Objective

In the manufacturing industry, the blasting process is an essential process step in the field of surface treatment with far-reaching effects on the quality of the end products, but it is subject to a number of problems. These problems are, for example, excessive equipment wear, inconsistent process results, and excessive abrasive consumption, and consequently lead not only to high monetary expenses for process users, but also to avoidable environmental impacts in the form of waste, scrap, power consumption, and emissions.

AI, in combination with a Digital Twin (DZ), can form a Smart Platform to enable real-time monitoring of blasting processes, detect equipment failures at an early stage and consequently enable more sustainable Manufacturing. AI as a new analytics component is instrumental in efficiently solving previous application limitations related to big data (e.g., limited, missing, or erroneous data), as small-data approaches can be used to extract information work relevant to the application context.

Overall, there is a lack of intelligent analysis capabilities in beam applications for evaluating the data basis. As a result, valuable optimization potential is wasted at the expense of process efficiency and the environment. Furthermore, there is a lack of user-friendly and customized processing of data and findings for the various parties involved (from the store floor to management) as well as the necessary competencies in dealing with the resulting blasting process data and their economic and ecological consequences.

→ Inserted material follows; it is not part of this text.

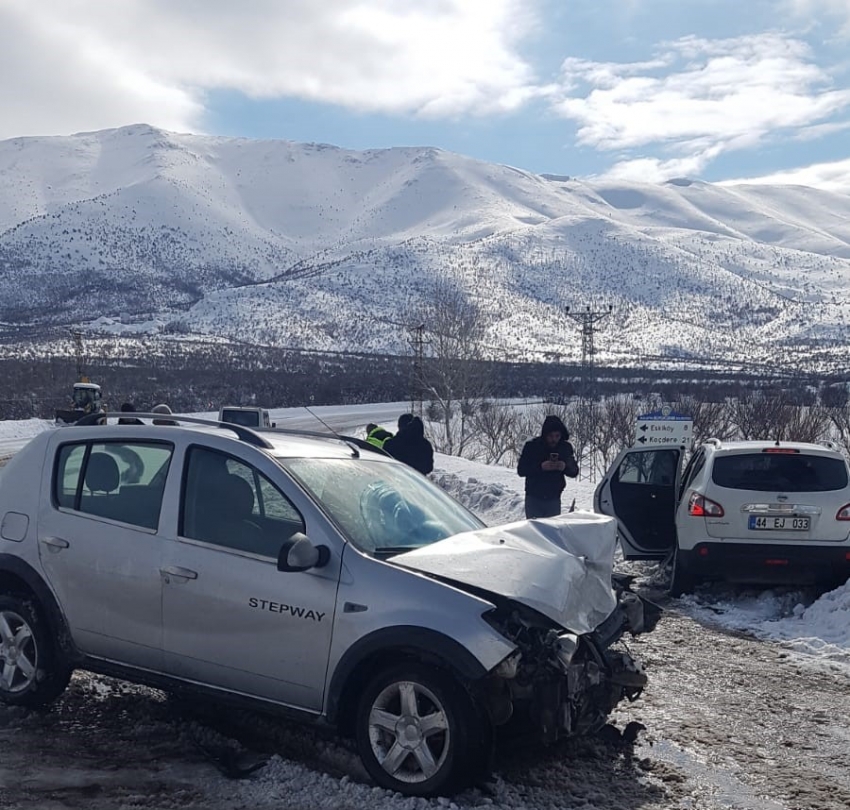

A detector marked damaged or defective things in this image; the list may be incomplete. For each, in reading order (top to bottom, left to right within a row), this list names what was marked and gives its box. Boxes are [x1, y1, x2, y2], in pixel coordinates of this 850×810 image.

Against the background of the challenges presented, the research partners aim to research and develop a Smart Platform for blasting processes. This platform is to use advanced analytics methods to evaluate and process a Digital Beam Process Twin based on Small Data and Big Data in real time and to integrate it into the system and process landscape of the users. Thus, for the first time, a cross-industry transparent, reproducible and resource-efficient blasting process shall be enabled.

Procedure

Recoveredthe SPIN:S data basis: Determination of the process and system architecture requirements at the application partners for the derivation of a Small and Big Data knowledge base for the digital mapping of the blasting process and a measurement and sensor system based on it.

Development of the SPIN:S platform: interface development for bidirectional data exchange with the existing process landscapes as well as labeling of the data base. Development of AI-based predictive analytics methods taking into account the specifics of the blasting process and their integration into existing processes.

Validation of the SPIN:S platform: design, development and testing of user-specific beam process and sustainability cockpits as well as evaluation of the SPIN:S user cockpits and derivation of lessons learned.

Project duration

October 2022 until September 2025

Project consortium

Supplier and consortium leader: Eisenwerk Würth GmbH

Technology expert: 3D Content Logistics GmbH

Research partner: Karlsruhe University of Applied Sciences (ILIN)

Collaborators

• Prof. Dr. Steffen Kinkel
• Sebastian Beiner
• Elena Stolz

This Research and Development Project is funded by the Federal Ministry of Education and Research (BMBF) in the program "Future of Value Creation - Research on Manufacturing, Services and Information Work" (funding code: 02L19C250) and supervised by the Project Management Agency Karlsruhe (PTKA). The responsibility for the content of this publication lies with the author.